ON A MISSION. So, you can take it on Buzzard's Bay or Lake of the Ozarks when wind and wakes keep other boats in their slips. But how does it fare as a party platform? Step onto the teak swim platform (option pricing for the 360 had not been established at press time) and stroll through the wide centerline walkway. There's no scuttling over a sunpad as you would aboard a go-fast. In fact, the transition from swim platform to sunpad to cockpit is seamless. Run this scenario: With the hook set in a quiet cove, you leave the helm. Popping an hors d'oeuvre in your mouth as you pass the Corian-topped wetbar, you strip off your shirt and dive overboard. Having checked the dash-mounted water temperature and depth gauges, you know the water is just right. You come up smiling as your two teenagers and their friends sun themselves on the aft sunlounge. Elbows on the platform now, you adjust the stereo's volume using the optional transom-mounted remote. You smile at your wife who is rattling ice cubes in her gin and tonic, despite the fact that she's reclining at the companion lounge opposite the helm. On the way home, no one feels left out. Unlike many cruisers, this dayboat provides a view of where the boat's headed from every luxuriously upholstered seat in the cockpit.
Ergonomic balance of this order is an intangible. But there are some facts to which we can point. One of these is the 360's deck profile. From the rubrail, below which the deck joins the hull, you'll note that the deck rises almost vertically rather than curving inboard as on most other boats. This produces an interior cockpit width we taped at 9'11" - as wide as those aboard boats sporting a 12' beam. Of course, this eliminates the sidedecks you might find aboard a similarly sized cruiser. By making the 360 look too high in profile, we could argue that this detracts from its otherwise sleek looks. But that's another intangible. Because at 9'6" to the top of the arch (11' with our test boat's radar installed), its bridge clearance is lower and its lines sportier than a conventional express cruiser's.

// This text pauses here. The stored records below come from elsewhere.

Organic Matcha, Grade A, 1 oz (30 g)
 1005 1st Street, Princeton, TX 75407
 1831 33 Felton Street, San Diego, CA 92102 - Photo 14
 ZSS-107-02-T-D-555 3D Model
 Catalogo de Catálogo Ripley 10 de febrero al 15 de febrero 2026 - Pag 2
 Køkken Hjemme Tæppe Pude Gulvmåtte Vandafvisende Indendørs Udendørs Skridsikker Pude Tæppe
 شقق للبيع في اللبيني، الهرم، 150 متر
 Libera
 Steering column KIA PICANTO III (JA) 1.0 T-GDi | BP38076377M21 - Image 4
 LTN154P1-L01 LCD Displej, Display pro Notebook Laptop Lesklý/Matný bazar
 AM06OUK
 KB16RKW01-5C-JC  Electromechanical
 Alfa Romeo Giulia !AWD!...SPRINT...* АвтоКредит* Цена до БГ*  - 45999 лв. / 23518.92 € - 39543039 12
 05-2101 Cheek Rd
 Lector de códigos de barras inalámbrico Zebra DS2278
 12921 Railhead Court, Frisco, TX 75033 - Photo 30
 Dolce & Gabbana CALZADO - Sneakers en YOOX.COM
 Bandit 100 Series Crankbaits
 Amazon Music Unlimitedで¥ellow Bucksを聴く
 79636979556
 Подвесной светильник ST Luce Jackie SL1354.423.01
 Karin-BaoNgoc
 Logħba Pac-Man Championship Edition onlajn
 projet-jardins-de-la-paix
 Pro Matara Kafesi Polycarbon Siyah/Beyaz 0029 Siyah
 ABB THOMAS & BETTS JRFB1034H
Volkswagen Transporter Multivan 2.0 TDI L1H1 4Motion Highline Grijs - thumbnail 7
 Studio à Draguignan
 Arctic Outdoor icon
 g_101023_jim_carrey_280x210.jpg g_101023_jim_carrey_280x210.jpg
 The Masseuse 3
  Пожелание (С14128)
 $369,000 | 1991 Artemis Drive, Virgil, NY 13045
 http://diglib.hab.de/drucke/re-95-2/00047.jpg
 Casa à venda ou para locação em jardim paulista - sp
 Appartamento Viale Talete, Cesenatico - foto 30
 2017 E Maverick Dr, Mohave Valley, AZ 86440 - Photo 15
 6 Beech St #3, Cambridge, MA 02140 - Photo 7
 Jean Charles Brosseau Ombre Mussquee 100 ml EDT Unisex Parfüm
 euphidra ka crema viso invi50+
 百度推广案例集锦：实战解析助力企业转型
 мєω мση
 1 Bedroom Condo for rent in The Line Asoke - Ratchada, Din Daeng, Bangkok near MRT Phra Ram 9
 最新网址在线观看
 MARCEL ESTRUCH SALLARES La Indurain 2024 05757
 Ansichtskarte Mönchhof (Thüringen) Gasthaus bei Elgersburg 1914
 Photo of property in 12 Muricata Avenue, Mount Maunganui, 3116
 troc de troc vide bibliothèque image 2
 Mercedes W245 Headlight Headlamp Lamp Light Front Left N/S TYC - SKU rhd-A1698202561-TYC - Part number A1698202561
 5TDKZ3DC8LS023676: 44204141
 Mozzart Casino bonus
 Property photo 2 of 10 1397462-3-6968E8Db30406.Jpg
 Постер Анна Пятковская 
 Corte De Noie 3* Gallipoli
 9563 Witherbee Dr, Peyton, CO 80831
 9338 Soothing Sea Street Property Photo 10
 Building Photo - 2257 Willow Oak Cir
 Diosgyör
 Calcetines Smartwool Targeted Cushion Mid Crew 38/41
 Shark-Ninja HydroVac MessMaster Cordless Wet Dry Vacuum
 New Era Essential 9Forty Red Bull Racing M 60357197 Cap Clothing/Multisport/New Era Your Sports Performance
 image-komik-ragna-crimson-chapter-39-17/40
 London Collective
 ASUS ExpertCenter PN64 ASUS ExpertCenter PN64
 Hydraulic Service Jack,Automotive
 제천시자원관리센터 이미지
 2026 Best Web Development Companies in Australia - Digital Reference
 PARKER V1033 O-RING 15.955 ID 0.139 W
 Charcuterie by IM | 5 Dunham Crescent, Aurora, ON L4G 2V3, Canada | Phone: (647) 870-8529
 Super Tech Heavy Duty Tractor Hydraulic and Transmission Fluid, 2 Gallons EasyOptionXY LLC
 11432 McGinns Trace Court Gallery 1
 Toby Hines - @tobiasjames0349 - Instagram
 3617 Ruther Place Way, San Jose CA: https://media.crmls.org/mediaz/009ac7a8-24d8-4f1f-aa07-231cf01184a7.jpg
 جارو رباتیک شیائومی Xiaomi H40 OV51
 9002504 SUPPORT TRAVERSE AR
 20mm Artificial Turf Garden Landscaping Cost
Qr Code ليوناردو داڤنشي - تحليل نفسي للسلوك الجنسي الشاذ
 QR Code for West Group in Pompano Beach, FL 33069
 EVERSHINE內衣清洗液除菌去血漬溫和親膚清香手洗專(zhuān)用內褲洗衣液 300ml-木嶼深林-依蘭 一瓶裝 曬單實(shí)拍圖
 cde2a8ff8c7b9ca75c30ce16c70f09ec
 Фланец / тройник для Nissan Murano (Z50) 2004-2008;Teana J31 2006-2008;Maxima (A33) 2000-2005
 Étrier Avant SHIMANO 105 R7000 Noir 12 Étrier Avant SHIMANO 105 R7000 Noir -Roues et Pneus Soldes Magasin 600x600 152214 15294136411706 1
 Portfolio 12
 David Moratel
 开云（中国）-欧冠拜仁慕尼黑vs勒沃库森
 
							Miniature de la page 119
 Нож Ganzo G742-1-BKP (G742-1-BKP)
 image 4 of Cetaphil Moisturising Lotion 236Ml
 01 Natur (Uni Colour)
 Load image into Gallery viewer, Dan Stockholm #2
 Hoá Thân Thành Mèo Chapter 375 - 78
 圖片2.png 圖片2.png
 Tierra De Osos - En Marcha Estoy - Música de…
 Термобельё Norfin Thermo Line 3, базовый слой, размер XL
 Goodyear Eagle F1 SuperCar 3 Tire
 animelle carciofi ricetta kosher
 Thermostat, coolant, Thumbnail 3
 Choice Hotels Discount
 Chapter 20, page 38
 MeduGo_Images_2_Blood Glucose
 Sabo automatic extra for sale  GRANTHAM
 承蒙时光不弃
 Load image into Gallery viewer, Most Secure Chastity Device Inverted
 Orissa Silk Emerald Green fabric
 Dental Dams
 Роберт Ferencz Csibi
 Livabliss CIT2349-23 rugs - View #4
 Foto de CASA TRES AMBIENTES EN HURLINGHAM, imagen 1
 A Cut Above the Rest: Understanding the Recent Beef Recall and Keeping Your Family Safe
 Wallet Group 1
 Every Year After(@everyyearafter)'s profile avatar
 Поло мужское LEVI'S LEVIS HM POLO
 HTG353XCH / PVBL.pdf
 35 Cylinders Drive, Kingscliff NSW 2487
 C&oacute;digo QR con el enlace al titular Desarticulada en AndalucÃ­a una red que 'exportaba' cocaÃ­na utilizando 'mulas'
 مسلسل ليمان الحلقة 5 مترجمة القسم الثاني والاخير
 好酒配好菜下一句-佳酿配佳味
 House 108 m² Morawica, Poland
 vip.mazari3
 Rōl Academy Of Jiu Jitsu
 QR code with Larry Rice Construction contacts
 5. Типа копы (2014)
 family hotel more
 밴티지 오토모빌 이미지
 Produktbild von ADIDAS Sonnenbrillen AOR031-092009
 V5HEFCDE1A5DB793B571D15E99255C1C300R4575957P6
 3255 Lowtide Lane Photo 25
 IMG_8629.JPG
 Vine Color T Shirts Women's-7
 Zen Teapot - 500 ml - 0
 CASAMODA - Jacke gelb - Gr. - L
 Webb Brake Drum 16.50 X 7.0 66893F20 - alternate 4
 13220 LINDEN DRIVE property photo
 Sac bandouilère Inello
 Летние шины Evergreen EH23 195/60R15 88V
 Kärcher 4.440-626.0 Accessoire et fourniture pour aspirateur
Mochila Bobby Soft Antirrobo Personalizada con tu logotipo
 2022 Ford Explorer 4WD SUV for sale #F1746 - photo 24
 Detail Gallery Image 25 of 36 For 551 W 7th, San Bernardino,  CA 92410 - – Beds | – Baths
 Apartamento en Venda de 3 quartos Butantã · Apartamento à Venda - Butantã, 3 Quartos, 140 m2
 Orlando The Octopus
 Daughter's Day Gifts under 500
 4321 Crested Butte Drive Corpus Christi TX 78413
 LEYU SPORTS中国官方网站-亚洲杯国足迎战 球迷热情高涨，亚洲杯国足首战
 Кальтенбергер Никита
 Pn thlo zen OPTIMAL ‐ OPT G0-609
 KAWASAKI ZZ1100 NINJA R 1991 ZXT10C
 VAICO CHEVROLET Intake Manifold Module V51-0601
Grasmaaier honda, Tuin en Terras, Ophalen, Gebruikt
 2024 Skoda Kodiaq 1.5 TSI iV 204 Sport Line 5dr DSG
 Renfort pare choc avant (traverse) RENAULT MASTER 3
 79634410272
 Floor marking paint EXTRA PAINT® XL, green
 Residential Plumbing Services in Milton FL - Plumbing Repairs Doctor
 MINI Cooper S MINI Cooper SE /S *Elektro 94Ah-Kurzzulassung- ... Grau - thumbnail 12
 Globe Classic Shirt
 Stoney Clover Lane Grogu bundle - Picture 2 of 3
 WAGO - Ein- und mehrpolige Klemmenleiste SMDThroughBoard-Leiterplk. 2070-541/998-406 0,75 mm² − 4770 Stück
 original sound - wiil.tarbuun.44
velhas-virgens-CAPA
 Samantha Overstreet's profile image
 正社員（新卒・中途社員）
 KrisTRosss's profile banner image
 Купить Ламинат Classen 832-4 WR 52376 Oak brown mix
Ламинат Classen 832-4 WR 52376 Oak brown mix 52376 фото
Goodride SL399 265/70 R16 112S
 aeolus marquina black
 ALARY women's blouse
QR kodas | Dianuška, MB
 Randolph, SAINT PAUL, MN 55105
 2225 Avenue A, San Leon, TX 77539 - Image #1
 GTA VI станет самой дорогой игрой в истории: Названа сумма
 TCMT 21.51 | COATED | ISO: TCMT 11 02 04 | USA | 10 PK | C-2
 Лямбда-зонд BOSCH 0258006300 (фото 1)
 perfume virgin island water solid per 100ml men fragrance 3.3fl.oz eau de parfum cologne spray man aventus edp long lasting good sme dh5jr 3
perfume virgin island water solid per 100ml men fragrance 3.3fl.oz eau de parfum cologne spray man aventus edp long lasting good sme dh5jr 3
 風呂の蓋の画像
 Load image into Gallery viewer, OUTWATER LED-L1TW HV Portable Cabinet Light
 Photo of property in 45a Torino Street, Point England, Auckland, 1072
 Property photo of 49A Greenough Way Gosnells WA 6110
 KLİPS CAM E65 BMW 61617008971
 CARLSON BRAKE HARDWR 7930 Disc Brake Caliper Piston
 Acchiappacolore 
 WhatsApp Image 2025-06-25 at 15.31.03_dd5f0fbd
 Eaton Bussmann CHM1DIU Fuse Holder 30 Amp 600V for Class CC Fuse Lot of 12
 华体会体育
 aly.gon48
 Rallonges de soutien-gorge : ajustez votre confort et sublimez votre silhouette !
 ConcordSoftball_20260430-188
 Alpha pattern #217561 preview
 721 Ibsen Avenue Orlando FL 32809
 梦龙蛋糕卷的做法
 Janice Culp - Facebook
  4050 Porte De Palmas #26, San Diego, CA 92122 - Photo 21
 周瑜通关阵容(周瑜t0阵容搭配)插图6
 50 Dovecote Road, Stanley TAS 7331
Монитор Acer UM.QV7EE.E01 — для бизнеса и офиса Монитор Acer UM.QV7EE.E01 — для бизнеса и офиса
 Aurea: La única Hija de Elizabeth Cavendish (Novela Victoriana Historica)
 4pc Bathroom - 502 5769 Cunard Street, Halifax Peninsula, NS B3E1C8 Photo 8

Still, the 360 is very much a dayboat, so don't expect a cruiser's accommodations belowdecks. For instance, the cabin offers just 6' of headroom and a mid-cabin berth that's best suited for stowage. Its highly raked, performance-oriented bow stem means there's less stowage below the Ultraleather V-berth. The focus here is on the head, which, with shower and faux-granite lid concealing the commode, we found to be as comfortable as those aboard 40-footers. Another positive factor is the wedge-shaped, faux-granite-topped galley, which is an ideal spot for making snacks and sandwiches. Fine carpentry describes the hardwood shelves and cabinets. A fiddle on the dinette table kept the soda I spilled from caffeinating my notes. This is a boat for those who already have a waterfront cottage, not those seeking a floating variation of one.